In Ochoa v. Koppel, 2016 Fla. App. LEXIS 7726, *1 (Fla. 2d DCA May 20, 2016), Ochoa served Koppel with a proposed settlement pursuant to Florida Statute § 768.79 and Florida Rule of Civil Procedure 1.442. Ochoa’s proposal stated that it would be withdrawn if it was not accepted within thirty days after service of the proposal. One day before the expiration of the thirty day period, Koppel filed a motion under Florida Rule of Civil Procedure 1.090 seeking to enlarge the time in which to respond to the proposal. The trial court heard the motion, but did not render a decision. Instead, the trial court requested that the parties submit additional authority. Koppel then served a notice of acceptance of the proposal. Thereafter, Koppel proceeded to provide the court with the requested authority. The trial court ultimately denied Koppel’s motion requesting to enlarge the time for acceptance of the proposal.

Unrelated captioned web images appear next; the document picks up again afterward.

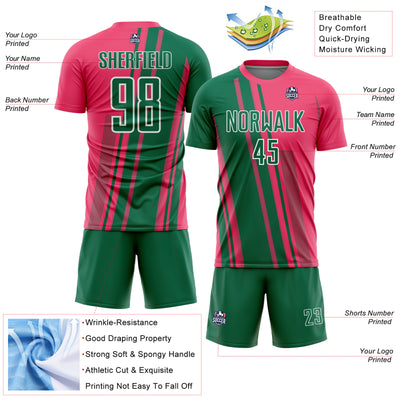 Custom Neon Pink Kelly Green-White Lines Sports Sublimation Soccer Uniform Jersey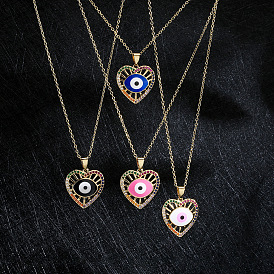 Vintage Lucky Heart Oil Demon Eye Pendant Necklace for Women with Copper Plating 18K Gold and Colorful Zirconia Stones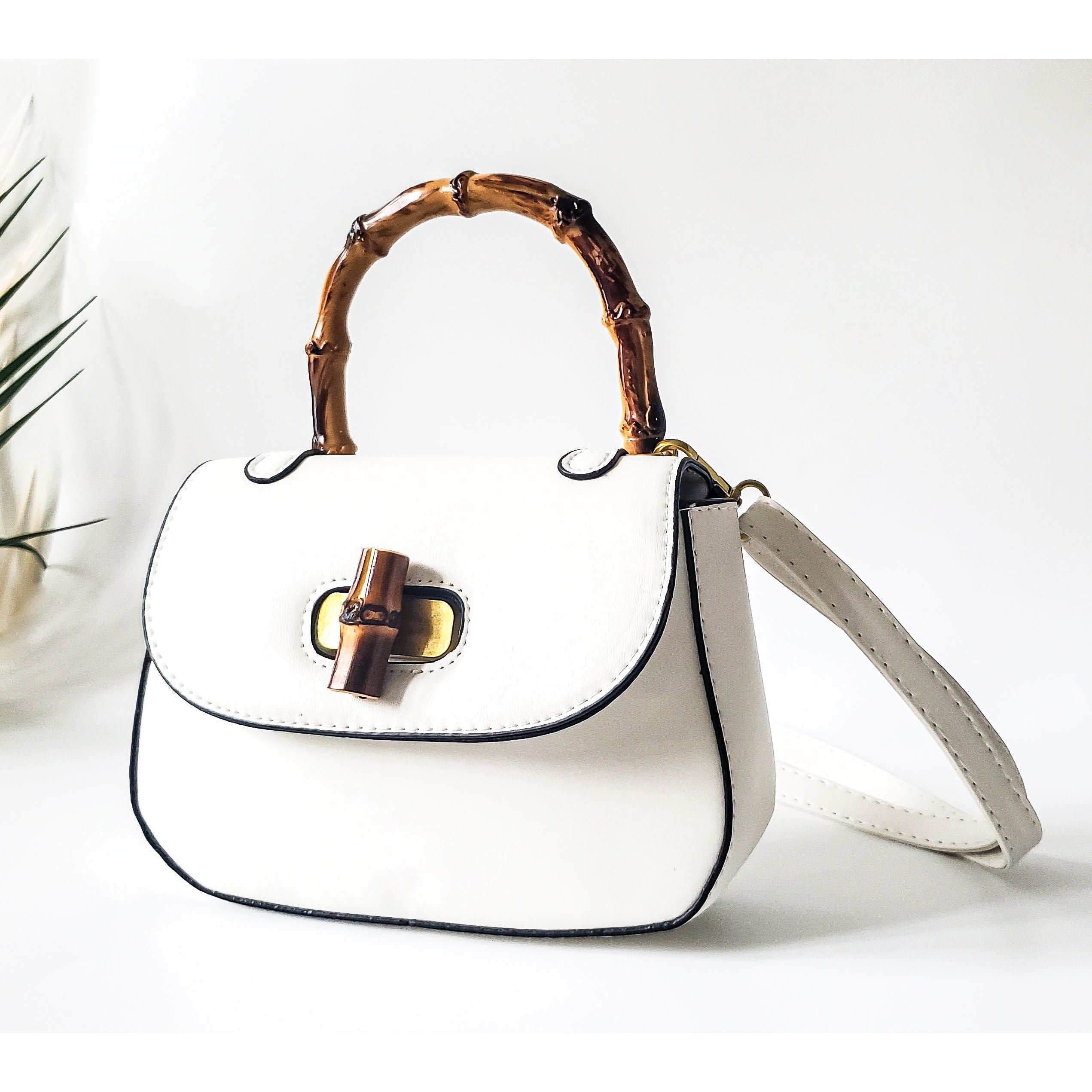 Alana Bamboo Satchel Crossbody Bag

As a result, Ochoa filed a motion to strike Koppel’s notice of acceptance because it was untimely. Koppel filed a response and a motion to enforce the settlement arguing that her motion tolled the thirty-day period. The trial court denied Ochoa’s motion to strike and granted Koppel’s motion to enforce the settlement. Ochoa appealed.
On appeal, the Second District explained that neither Rule 1.090 or 1.442 provide that time for acceptance of a proposal is tolled when a motion to enlarge the time is filed. Rule 1.442(f)(1) specifically provides that “a proposal shall be deemed rejected unless accepted by delivery of a written notice of acceptance within 30 days after service of the proposal.” This is a hard thirty-day deadline. The Second District also noted that Rule 1.090 “does not contain any provision which tolls the running of the applicable time periods while a motion made pursuant to its provisions is pending.”
As a result, the Second District held that a motion to enlarge the time to respond to a proposal for settlement does not automatically toll the time to respond pending a decision on the motion. The Court certified conflict with the case of Goldy v. Corbett Cranes Servs., Inc., 692 So. 2d 225 (Fla. 5th DCA 1997).